Assigned task:
The response should be an exact transcription of the data below, free of images.

─── Given material ───

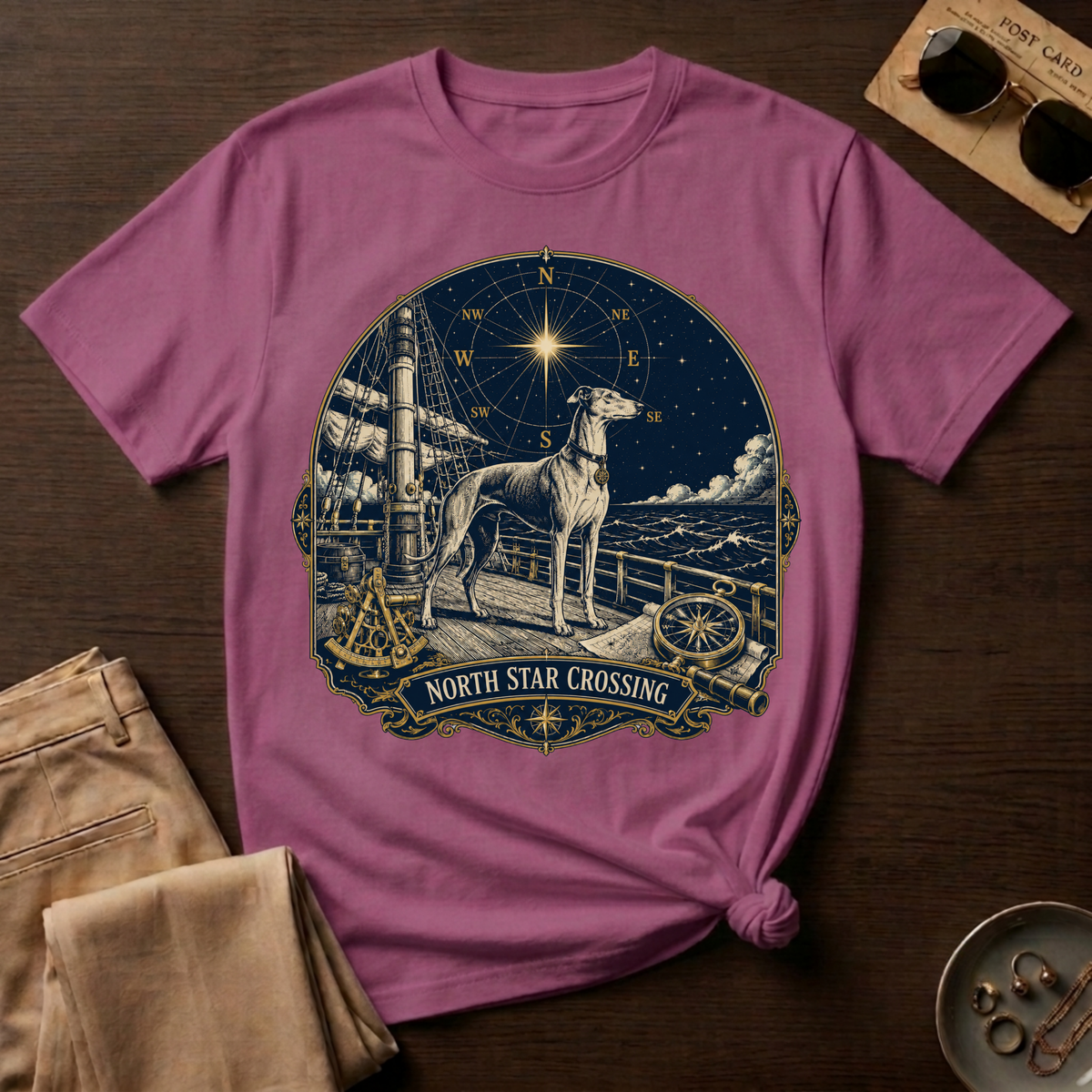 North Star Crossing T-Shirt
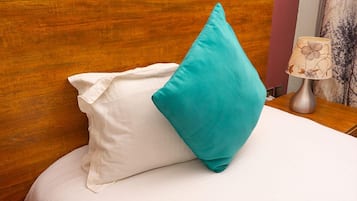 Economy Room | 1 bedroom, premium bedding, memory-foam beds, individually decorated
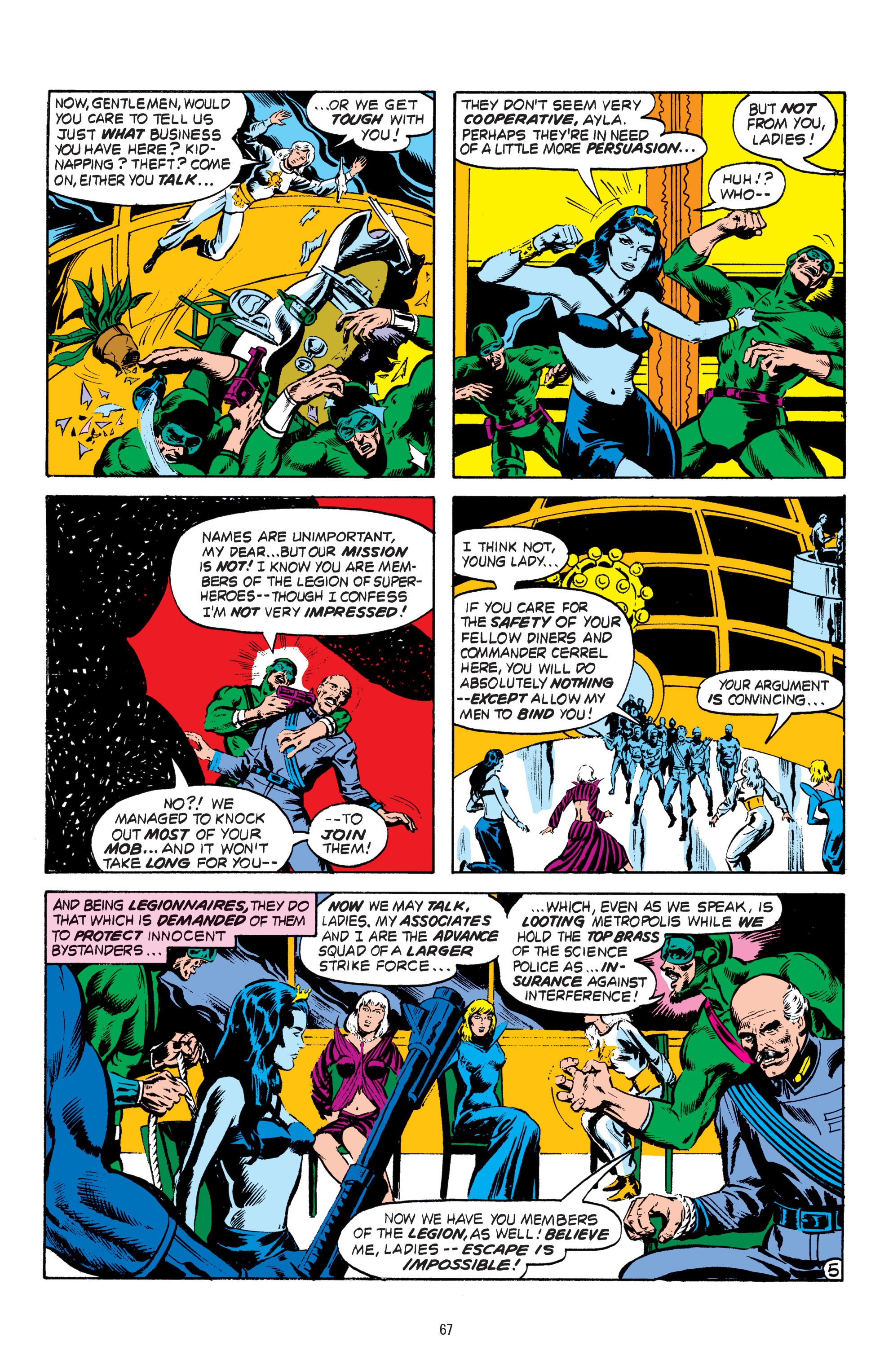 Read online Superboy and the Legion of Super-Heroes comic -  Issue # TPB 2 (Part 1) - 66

───

Response to this exercise:
 North Star Crossing T-Shirt
 Economy Room | 1 bedroom, premium bedding, memory-foam beds, individually decorated
 Read online Superboy and the Legion of Super-Heroes comic -  Issue # TPB 2 (Part 1) - 66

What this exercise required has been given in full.